第14話 大切な人形

 みんなは、アルバイトをしたことある?

 コンビニだったり飲食店だったり、交通量を調べたり、色んなアルバイトがあるよね。

 でも中には高額な給与に惹かれてやったら、闇バイトだったなんてケースもあるから、アルバイトを探すときは気をつけないとだね。


 そんなアルバイトだけど、私、三坂アオイはファミレスでバイトをしてるの。

 日本中に何店もチェーン店を構えているファミレスで、私は週に2、3日くらい、そこで働いてるの。


 最初の頃は注文を取るのにとまどいもしたけど、今ではちゃんとできるようになって、問題なくこなしてる。
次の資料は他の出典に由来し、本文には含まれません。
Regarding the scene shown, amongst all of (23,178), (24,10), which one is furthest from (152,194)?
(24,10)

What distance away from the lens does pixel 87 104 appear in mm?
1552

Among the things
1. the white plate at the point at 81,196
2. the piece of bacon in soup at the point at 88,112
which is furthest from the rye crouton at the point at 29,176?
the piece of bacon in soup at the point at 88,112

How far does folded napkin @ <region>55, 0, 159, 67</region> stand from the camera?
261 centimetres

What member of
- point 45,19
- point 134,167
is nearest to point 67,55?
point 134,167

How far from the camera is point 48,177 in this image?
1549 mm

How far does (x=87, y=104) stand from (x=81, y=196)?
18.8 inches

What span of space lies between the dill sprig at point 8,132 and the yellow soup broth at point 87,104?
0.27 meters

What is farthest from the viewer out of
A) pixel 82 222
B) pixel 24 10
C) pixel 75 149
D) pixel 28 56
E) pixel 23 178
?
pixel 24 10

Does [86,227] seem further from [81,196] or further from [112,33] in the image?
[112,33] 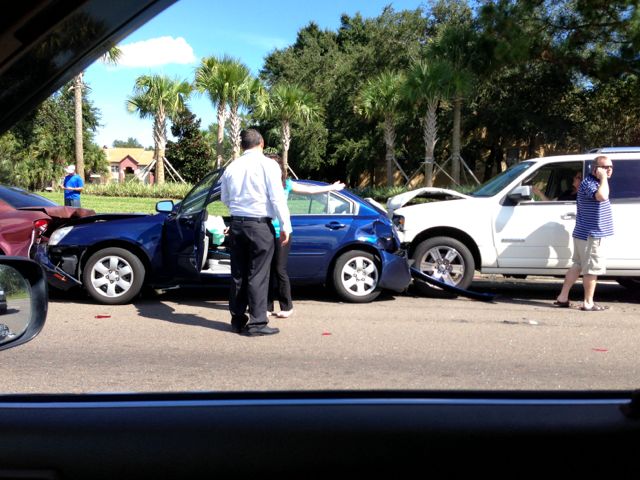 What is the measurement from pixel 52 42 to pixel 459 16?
37.8 meters

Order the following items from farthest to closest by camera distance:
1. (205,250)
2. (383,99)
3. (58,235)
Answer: (383,99) < (58,235) < (205,250)

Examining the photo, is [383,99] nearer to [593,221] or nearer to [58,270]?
[593,221]

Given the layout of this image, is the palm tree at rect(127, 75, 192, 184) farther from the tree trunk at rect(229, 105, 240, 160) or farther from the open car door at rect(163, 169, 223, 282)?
the open car door at rect(163, 169, 223, 282)

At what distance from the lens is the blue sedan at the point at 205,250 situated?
8.03 meters

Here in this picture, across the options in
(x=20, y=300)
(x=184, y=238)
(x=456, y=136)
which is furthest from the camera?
(x=456, y=136)

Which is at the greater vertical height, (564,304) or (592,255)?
(592,255)

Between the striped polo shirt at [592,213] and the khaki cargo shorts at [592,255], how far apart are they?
70 mm

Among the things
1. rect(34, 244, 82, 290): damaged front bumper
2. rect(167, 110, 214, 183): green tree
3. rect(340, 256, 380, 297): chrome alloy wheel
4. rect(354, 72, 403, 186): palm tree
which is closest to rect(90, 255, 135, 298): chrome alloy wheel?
rect(34, 244, 82, 290): damaged front bumper

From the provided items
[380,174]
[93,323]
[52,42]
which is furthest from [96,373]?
[380,174]

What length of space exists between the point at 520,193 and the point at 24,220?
→ 6381 millimetres

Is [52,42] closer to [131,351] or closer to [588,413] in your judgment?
[588,413]

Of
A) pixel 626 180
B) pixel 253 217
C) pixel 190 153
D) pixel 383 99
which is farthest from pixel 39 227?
pixel 190 153

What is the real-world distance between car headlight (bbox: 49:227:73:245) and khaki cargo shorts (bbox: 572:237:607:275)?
20.6 feet

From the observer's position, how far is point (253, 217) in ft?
21.1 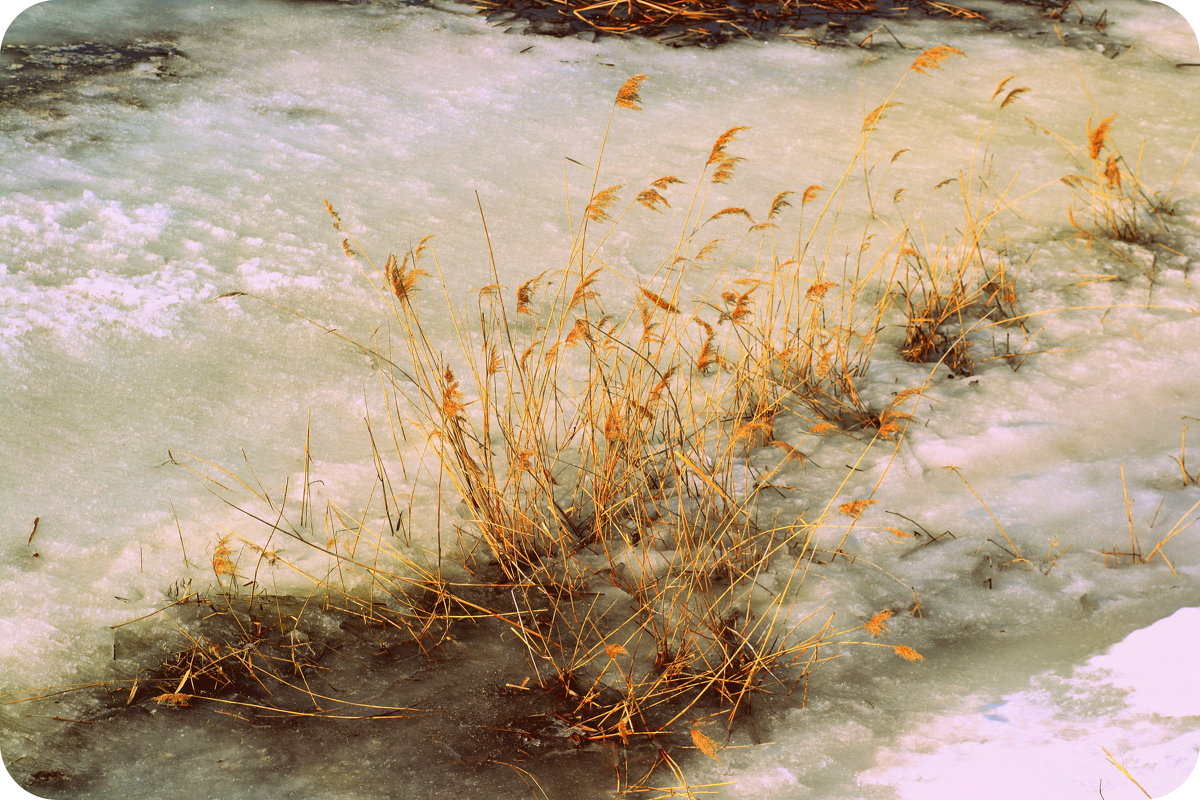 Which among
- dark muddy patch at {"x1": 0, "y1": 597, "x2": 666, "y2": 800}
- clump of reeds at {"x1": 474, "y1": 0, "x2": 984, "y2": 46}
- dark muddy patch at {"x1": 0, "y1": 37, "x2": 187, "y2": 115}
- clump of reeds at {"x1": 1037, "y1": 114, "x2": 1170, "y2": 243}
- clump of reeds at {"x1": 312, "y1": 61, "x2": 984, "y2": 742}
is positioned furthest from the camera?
clump of reeds at {"x1": 474, "y1": 0, "x2": 984, "y2": 46}

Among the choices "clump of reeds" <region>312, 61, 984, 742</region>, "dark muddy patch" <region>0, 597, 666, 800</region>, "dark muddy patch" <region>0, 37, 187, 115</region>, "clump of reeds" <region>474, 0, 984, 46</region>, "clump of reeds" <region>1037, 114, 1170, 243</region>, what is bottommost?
"dark muddy patch" <region>0, 597, 666, 800</region>

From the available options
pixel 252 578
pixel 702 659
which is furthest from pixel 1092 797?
pixel 252 578

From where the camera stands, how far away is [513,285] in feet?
10.5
 そんなファミレスでのアルバイトだけど……私の働いているお店では時々、ちょっと変わったお客さんが来るの。

 どんな人かと言うとね……。


「ねえねえアオイちゃん、あの人また来てるよ」


 バックスペースで私に話しかけてきたのは、先輩の女性スタッフ。

『あの人』っていうのは、たぶんあの人かな?


 すると、8番テーブルから呼び出しがかかった。

 私が行くとテーブルには高齢の、60代くらいの女性が一人。

 ニッコリとした笑顔で注文をしてくる。


「カルボナーラと、ハンバーグセットをお願いね。あとデザートに、こちらのケーキも」

「はい、かしこまりました。カルボナーラとハンバーグセットと、ケーキですね」


 注文を取りながら、内心思う。

 きっと一人でこんなにたくさんは、食べられないよね。

 けどこれはいつものこと。

 私はテーブルの、女性の向かい側の椅子にチラリと目をやる。


 たくさん注文したのは自分で食べるためだけじゃなく、たぶんアレにあげるからだよね……。
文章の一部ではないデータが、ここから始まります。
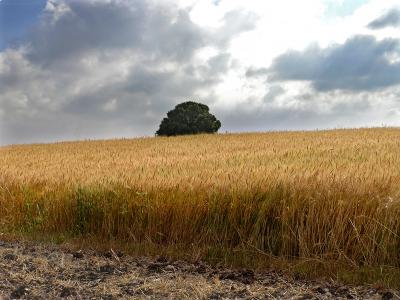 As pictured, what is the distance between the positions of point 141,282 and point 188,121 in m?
35.4

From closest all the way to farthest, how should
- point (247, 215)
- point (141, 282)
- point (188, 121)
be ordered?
point (141, 282) < point (247, 215) < point (188, 121)

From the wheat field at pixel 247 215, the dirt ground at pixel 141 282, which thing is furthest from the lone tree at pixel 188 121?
the dirt ground at pixel 141 282

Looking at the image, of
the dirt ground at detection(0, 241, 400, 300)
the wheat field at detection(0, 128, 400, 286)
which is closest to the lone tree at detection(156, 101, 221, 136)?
the wheat field at detection(0, 128, 400, 286)

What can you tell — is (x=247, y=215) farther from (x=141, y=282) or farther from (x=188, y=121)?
(x=188, y=121)

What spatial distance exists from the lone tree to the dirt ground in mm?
33950

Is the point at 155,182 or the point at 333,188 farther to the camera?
the point at 155,182

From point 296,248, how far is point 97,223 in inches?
125

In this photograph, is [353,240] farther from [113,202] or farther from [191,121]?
[191,121]

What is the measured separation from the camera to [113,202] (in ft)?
26.9

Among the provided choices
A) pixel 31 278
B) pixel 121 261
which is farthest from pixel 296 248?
pixel 31 278

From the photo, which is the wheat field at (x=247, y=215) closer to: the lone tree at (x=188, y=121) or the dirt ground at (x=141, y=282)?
the dirt ground at (x=141, y=282)

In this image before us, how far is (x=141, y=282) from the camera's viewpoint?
237 inches

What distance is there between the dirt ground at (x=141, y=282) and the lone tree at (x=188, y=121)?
34.0 meters

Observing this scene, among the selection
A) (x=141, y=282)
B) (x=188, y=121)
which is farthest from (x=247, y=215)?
(x=188, y=121) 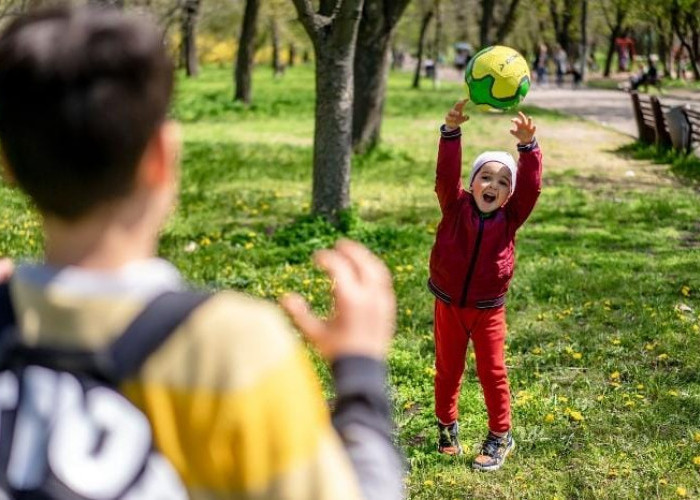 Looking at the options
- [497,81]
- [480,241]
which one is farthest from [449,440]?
[497,81]

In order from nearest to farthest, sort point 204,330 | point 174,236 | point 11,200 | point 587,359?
point 204,330 < point 587,359 < point 174,236 < point 11,200

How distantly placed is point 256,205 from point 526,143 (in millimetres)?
6797

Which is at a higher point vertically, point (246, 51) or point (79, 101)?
point (79, 101)

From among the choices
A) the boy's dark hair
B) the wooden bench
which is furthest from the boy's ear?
the wooden bench

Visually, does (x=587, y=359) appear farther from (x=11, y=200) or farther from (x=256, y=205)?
(x=11, y=200)

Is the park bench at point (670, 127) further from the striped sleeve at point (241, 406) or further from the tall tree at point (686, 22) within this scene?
the striped sleeve at point (241, 406)

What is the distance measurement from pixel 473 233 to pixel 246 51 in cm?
2120

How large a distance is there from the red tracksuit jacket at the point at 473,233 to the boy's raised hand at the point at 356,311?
2.91 m

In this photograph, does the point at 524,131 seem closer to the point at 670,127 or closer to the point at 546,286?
the point at 546,286

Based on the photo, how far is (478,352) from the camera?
4.40 metres

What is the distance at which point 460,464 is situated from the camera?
456 cm

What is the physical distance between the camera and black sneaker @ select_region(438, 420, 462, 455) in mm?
4641

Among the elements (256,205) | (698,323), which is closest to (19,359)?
(698,323)

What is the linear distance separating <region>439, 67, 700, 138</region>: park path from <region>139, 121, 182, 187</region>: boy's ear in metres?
18.1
「え、なに? サティちゃん、ポテトもほしいって? すみません、ポテトも追加でお願いできますか」

「かしこまりました。ポテトをお一つですね」


 私はスマイルを保ちながら、注文を取る。

 たぶん事情を知らない人が私たちを見たら、不思議な光景に思えただろう。

 ポテトを頼む前、女性が話していた『サティちゃん』という人物。

 いや、正確には、人物と言っていいのかな?

 それは女性の向かいの席にちょこんと座っている、フランス人形だった。


「それにしても、今日は暑いわねえ。サティちゃん、お水飲む?」


 まるで子供か孫と話すみたいに、人形に話しかける女性。

 青い目にブロンドヘアー、黒いゴシックドレスを着ている人形は、どうやらサティという名前のようだ。
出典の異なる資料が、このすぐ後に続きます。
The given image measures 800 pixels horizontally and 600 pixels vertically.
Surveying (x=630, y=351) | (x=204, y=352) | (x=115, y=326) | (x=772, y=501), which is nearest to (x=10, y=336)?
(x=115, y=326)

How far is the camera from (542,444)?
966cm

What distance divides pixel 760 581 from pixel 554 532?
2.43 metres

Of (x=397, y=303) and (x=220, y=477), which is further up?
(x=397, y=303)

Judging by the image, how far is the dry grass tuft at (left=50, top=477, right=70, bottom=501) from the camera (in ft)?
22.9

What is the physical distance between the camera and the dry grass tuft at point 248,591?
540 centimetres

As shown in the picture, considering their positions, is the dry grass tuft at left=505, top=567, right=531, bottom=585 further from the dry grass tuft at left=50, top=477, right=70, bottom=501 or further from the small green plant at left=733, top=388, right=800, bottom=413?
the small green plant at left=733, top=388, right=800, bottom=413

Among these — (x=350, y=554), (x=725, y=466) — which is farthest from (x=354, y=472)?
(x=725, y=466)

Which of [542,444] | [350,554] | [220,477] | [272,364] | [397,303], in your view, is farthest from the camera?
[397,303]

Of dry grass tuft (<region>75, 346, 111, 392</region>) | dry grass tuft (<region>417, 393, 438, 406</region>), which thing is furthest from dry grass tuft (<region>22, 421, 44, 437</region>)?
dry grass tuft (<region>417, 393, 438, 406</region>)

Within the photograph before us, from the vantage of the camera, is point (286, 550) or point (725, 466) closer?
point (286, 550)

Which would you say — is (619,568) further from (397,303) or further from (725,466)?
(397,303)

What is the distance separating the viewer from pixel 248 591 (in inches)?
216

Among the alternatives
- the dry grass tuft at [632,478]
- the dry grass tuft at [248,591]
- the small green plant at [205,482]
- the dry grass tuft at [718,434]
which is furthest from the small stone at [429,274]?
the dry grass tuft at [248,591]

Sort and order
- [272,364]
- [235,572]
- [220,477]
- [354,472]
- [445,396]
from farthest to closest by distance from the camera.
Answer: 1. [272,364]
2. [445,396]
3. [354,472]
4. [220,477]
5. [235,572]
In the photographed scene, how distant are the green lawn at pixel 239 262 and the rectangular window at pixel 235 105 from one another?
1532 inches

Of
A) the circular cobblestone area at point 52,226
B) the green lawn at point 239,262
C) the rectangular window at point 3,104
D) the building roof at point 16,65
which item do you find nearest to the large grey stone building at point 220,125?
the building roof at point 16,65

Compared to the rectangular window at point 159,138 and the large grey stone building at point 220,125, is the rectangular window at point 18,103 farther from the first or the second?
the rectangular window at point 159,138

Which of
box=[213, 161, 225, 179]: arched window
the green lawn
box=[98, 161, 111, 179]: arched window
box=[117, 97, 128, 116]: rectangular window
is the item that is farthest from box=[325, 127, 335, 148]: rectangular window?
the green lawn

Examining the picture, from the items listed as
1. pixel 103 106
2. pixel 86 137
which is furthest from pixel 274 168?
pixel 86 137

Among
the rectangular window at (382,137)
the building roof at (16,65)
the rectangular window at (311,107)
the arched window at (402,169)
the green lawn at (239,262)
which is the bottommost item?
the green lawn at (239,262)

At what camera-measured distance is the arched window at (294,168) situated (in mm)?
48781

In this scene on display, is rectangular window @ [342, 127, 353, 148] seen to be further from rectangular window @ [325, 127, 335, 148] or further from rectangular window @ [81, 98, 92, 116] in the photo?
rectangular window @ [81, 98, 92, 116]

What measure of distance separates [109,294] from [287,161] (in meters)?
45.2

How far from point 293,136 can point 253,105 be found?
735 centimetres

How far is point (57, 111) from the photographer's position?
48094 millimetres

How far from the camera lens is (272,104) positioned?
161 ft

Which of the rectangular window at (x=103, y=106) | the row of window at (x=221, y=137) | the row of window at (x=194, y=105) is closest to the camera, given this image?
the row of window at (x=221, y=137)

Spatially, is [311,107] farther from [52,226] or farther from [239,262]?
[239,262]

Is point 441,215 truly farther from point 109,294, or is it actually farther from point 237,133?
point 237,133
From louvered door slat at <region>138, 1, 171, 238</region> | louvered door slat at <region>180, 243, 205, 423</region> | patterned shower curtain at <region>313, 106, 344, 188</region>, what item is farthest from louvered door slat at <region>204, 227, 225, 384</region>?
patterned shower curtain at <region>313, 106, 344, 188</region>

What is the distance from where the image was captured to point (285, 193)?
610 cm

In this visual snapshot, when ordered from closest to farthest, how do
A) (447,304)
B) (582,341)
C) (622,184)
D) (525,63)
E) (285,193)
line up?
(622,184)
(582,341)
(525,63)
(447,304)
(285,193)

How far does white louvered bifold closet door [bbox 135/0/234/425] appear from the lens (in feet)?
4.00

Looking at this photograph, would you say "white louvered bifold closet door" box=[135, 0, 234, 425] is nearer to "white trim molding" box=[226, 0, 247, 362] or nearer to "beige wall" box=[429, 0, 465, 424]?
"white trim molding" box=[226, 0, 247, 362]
 私はそれに対してはなにも言わずに、注文を受けるとバックスペースへと戻っていく。


「カルボナーラとハンバーグセットとポテト、それと食後にケーキです」

「ご苦労様。それにしても、相変わらず人形の分まで頼むわねえ」


 苦笑いを浮かべる先輩。

 あの人形を連れた女性は、このお店の常連客なの。


 来るときはいつもサティちゃんというフランス人形を持ってきて、大事そうに扱っている。

 いや、持ってきてると言うより、連れてきてる?

 たぶんだけどあの女性は、サティちゃんのことを自分の子供みたいに思っているのだろう。

 人間と同じように話しかけ、サティちゃんの分のご飯も注文する。

 バイトをはじめたばかりの頃はビックリしたけど、今ではもうだいぶ慣れた。

 ちょっと変わった人だとは思うけど、人形を大事にするのがいけないわけじゃないしね。

 他のお客さんと同じように接客するというのが、ここのスタッフの取り決めになっていた。


「料理を大量に残されるのだけは、どうにかしてほしいけどね」


 苦笑いをする先輩。

 うっ、それに関しては先輩と同意見だよ。

 いくらあの人がサティちゃんを人間同然に扱っても、やっぱり人形。

 注文した料理を、食べることはできない。

 いつも仏壇へのお供え物みたいに人形の前に置いて、そのまま手をつけずに帰っていってる。

 だからいつもサティちゃん用に出した料理は、廃棄するしかないの。


 食品ロスが問題視されている今、まだ食べられる物を捨てるのはどうかと思うけど、帰ってきた料理を他のお客さんに出すわけにもいかないし。

 いつもちゃんとお金を払ってくれてる以上、注文を拒否することもできないんだよね。


 調理スタッフも、あの人形を連れた女性が来たと聞いて「またか」って顔をしたけど、すぐに料理を作りはじめる。


 そうしている間に、私は別のお客さんの注文を取りに行く。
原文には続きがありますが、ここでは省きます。